In [20, 21], the authors present a system that combines the content-based and collaborative approaches with techniques based on social and linked open data. By means of ideas borrowed from the Semantic Web, the information extracted from Facebook is converted into a structured form that allows it to be used in synergy with LOD within a recommender of cultural heritage venues. Users’ posts are examined to determine relevant entities and the extracted information is represented as a graph of concepts linked through semantic relationships. Unlike the previous approaches, this one exploits information regarding the user’s social graph for giving more relevance to POIs visited by her friends in the recommendation process.

All the reported studies have been tested and evaluated through the classic metrics used in this research field, showing not only that the use of LOD for developing RSs is possible but also that it allows them to attain performance comparable to those of current commercial systems. Nevertheless, systems combining social and linked open data are still a minority.

3 Problem formulation

In this section, we provide the definition of the recommendation problem of POIs located nearby the active user’s current position.
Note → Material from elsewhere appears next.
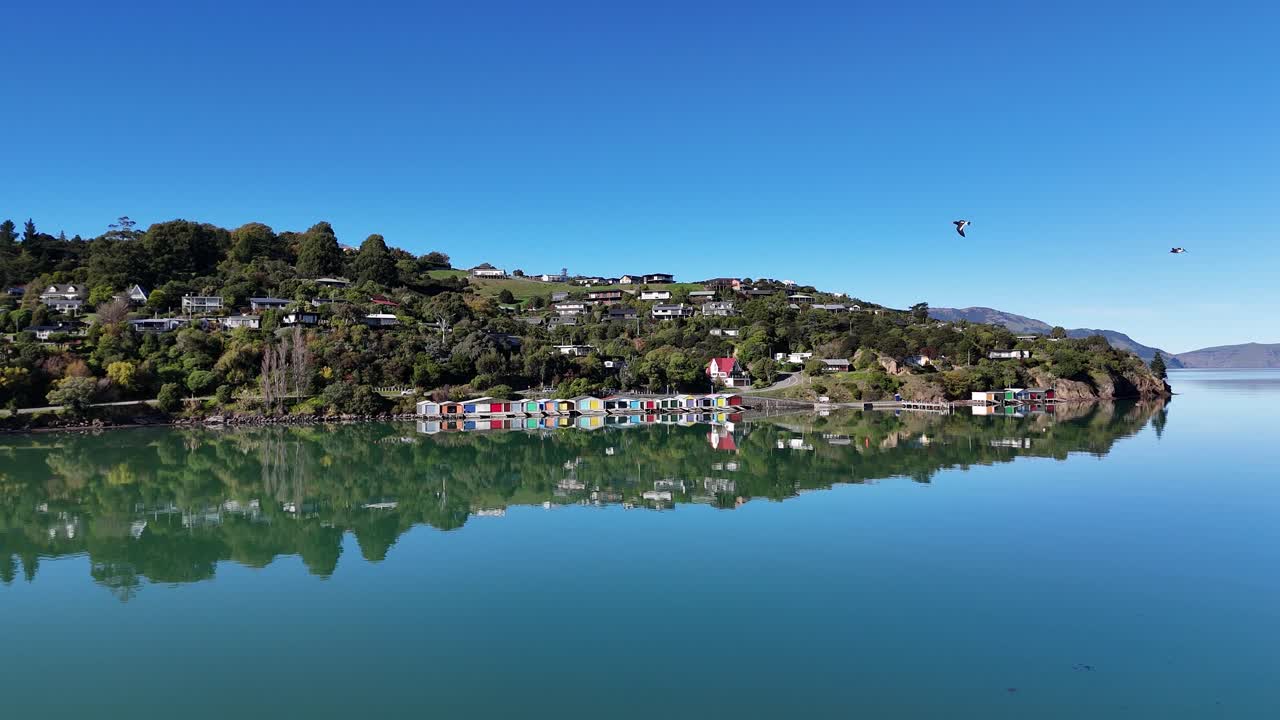 Aerial footage captures calm waters and scenic landscapes of Akaroa Bay under clear blue skies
Let \(\mathbb {U}=\{u_{1}, \cdots , u_{N}\}\) represent the set of N users with a valid account on social media. For each user \(u_{i} \in \mathbb {U}\), we build her user profile \(P_{u_{i}}\) by collecting and analyzing her feedbacks expressed as like and clicks on pictures (see Section 4.1.1). Let \(\mathbb {L}=\{l_{1}, \cdots , l_{M}\}\) represent the set of M candidate POIs, namely, the POIs extracted from LOD and located in the user’s surroundings. The last point means POIs placed within a circle centered in the user’s current position and having a radius r, whose value is set by her. Under those settings, the problem can be formulated as follows: define the function f

$$ f: \mathbb{U} \times \mathbb{L} \to [0,1] $$
(1)

such that, given a target user ui represented through her profile \(P_{u_{i}}\) and a set of candidate POIs, f expresses the recommendation score of the candidate POI lj for the target user ui. After obtaining the recommendation scores for every candidate POI, we rank all the POIs according to their scores and return them as a top-k recommendation list.

4 The proposed system

This section describes the system implementation, motivating the various choices made and presenting the problems encountered. The main system modules, the techniques used, and the algorithms implemented for its realization are outlined. Furthermore, the graphical interface is shown as well as the modalities in which the user can interact with the system.

4.1 Architecture

The architecture of the system can be divided into four main modules, represented in Fig. 1:

  1. 1.

    User profile extraction;

  2. 2.

    POI extraction from LOD;

  3. 3.

    Recommendation process;

  4. 4.

    Presentation and evaluation of results.

Fig. 1
figure 1

System architecture

4.1.1 User profile extraction

This section presents how the user profile needed for customizing the recommendation process is built. To this aim, we take into account two different sources of user feedback: her activity on social media and her clicks on a sample of images representing specific categories of POIs.

Activity on social media

As first source of user feedback, we pointed towards something already available on the Web for most users: their activity on social media. More specifically, we considered FacebookFootnote 3, one of the most popular social media. As of January 2018, Facebook is used by 42% of the world’s population, with peaks of 70% in North America and 66% in Northern Europe.Footnote 4 Through a user’s Facebook profile, the system leverages the related APIFootnote 5 to extract her demographic information (i.e., age, gender, and profession), and estimate her interests and preferences by analyzing the pages tagged by her with a like. However, the simple extraction of the user’s like is not sufficient. It is necessary to process them so that they can be compared directly with POIs. Ideally, we would like to obtain the equivalent of the Facebook page in the same domain as the points of interest, namely, DBpediaFootnote 6. However, the retrieved data often presents three major problems:

  1. 1.

    It has a large amount of noise, that is, pages that cannot be associated with well-defined entities (mainly personal blogs and pages that publish content not relevant to the system);

  2. 2.

    It needs a disambiguation process for determining the entity to which it refers (e.g., the “house” page could indicate the music genre, the TV series, the movie, and more);

  3. 3.

    It can contain multiple separate pages that refer to the same concept (e.g., two separate pages, one official and one not, dedicated to the same celebrity).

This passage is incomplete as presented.